Only the images get left out; everything else in the records is to be transcribed exactly.

◆ ◆ ◆

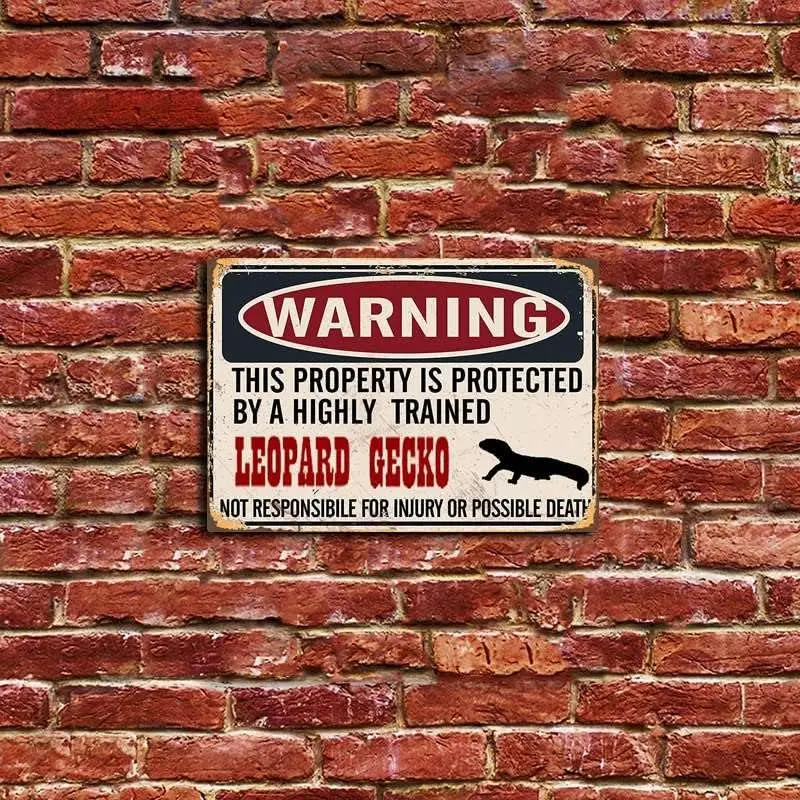 Funny Leopard Gecko Warning Sign Warning Property Protected by Leopard Gecko Retro Metal Tin Sign Vintage Aluminum Sign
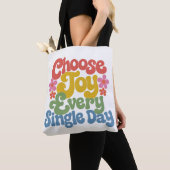 Tote Bag Choose Joy Every Single Day Retro Rainbow  (De près)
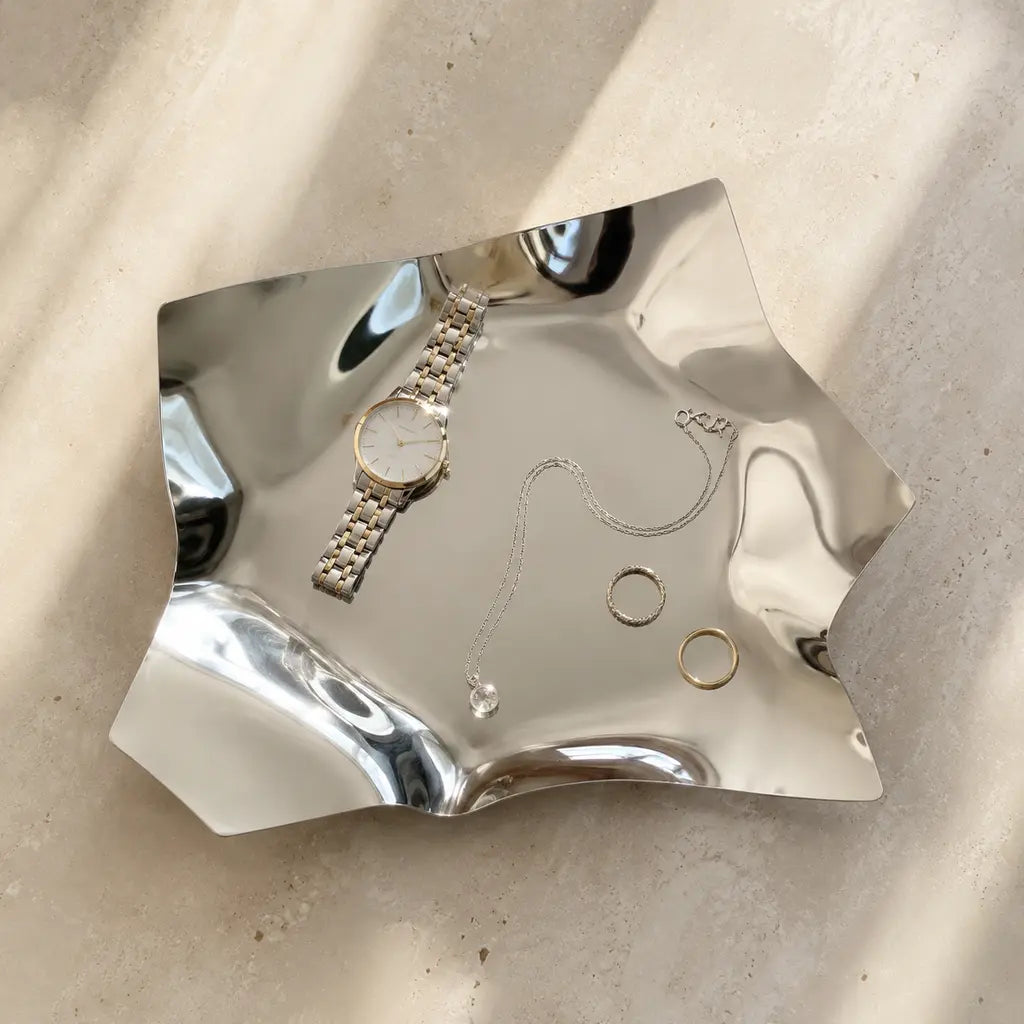 Irregular Stainless Steel Storage Tray overhead view with jewellery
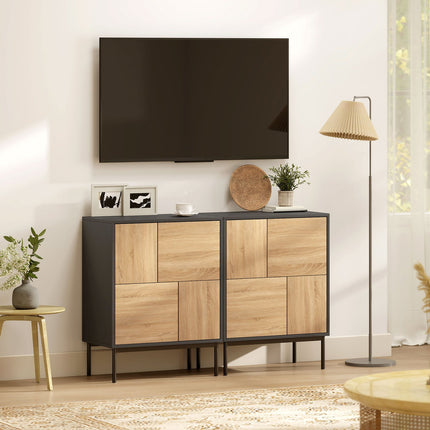 Sideboard mit Push-to-Open Türen, Schwarz/Naturholz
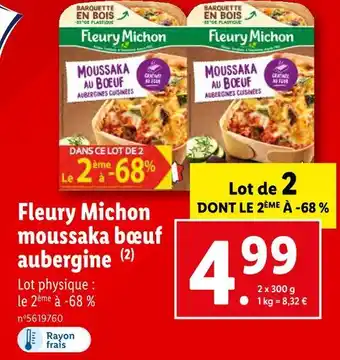 Lidl Fleury michon moussaka bœuf aubergine offre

◆ ◆ ◆

» RESULT
 Funny Leopard Gecko Warning Sign Warning Property Protected by Leopard Gecko Retro Metal Tin Sign Vintage Aluminum Sign
 Tote Bag Choose Joy Every Single Day Retro Rainbow  (De près)
 Irregular Stainless Steel Storage Tray overhead view with jewellery
 Sideboard mit Push-to-Open Türen, Schwarz/Naturholz
 Lidl Fleury michon moussaka bœuf aubergine offre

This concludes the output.